• [Exercise description]: Take the line containing "X. 509 Attribute-based" and every line below it through the end of the entries, and output them verbatim, pictures excluded.

• [Records to use]:
━━━━
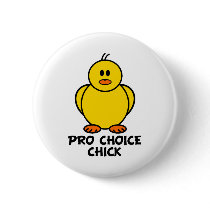 Pro Choice Chick buttons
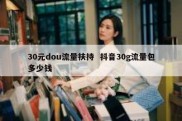 30元dou流量扶持  抖音30g流量包多少钱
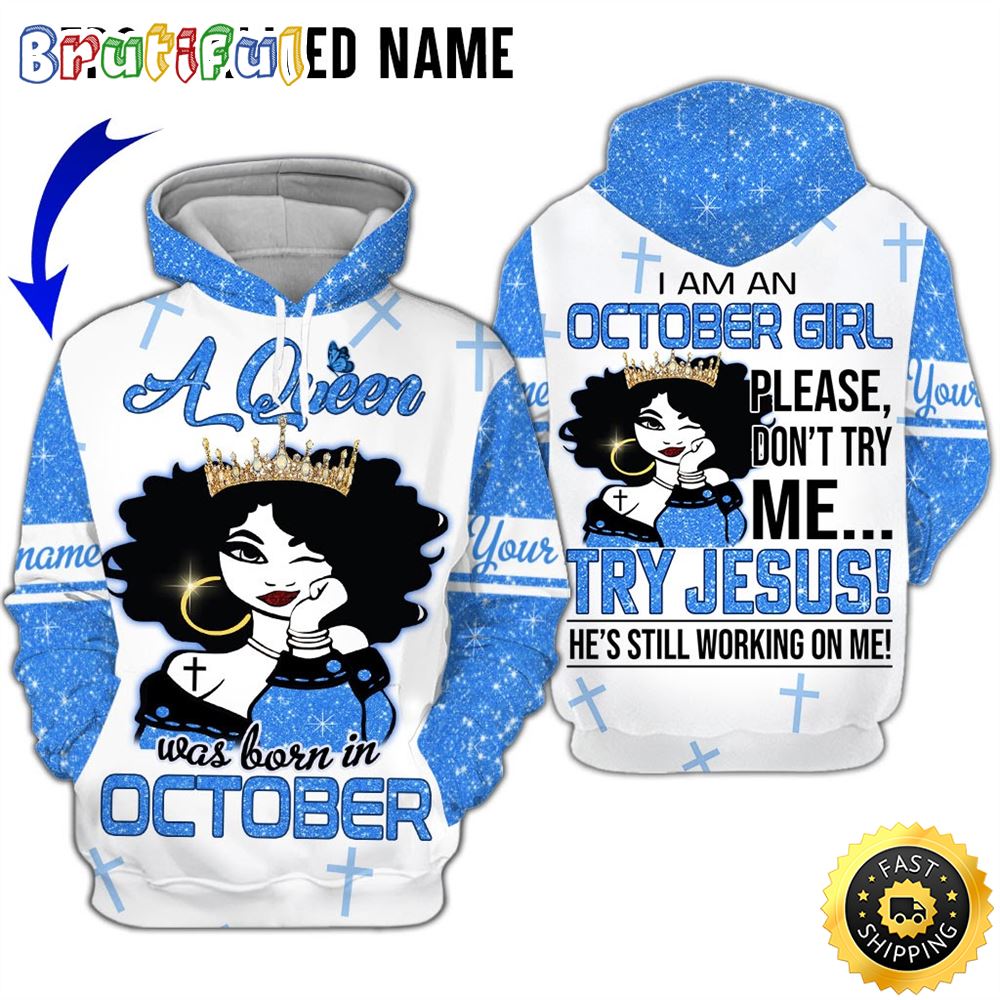 Personalized October Girl Don t Try Me All Over Print Hoodie Gift For Frends 1 g92xz2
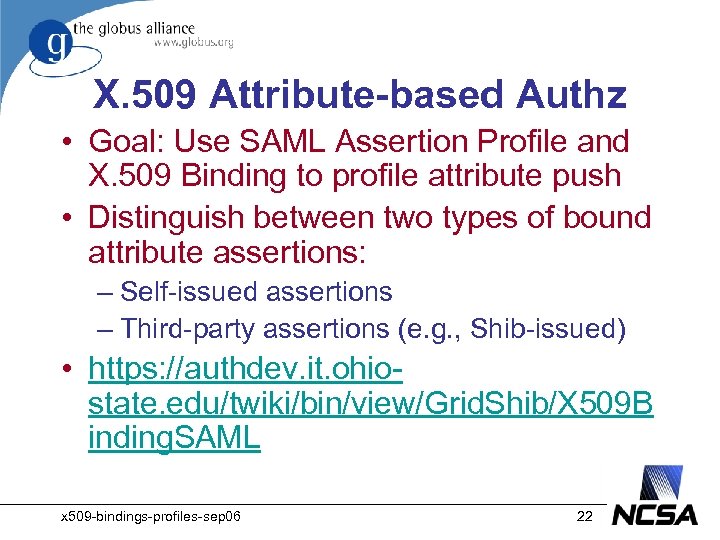 X. 509 Attribute-based Authz • Goal: Use SAML Assertion Profile and X. 509 Binding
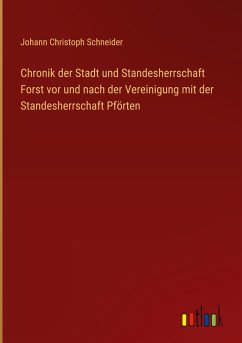 Cover Chronik der Stadt und Standesherrschaft Forst vor und nach der Vereinigung mit der Standesherrschaft Pförten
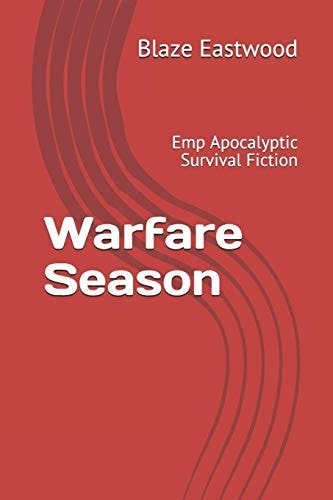 Warfare Season Emp Apocalyptic Survival Fiction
━━━━
• [The completed task]:
 X. 509 Attribute-based Authz • Goal: Use SAML Assertion Profile and X. 509 Binding
 Cover Chronik der Stadt und Standesherrschaft Forst vor und nach der Vereinigung mit der Standesherrschaft Pförten
 Warfare Season Emp Apocalyptic Survival Fiction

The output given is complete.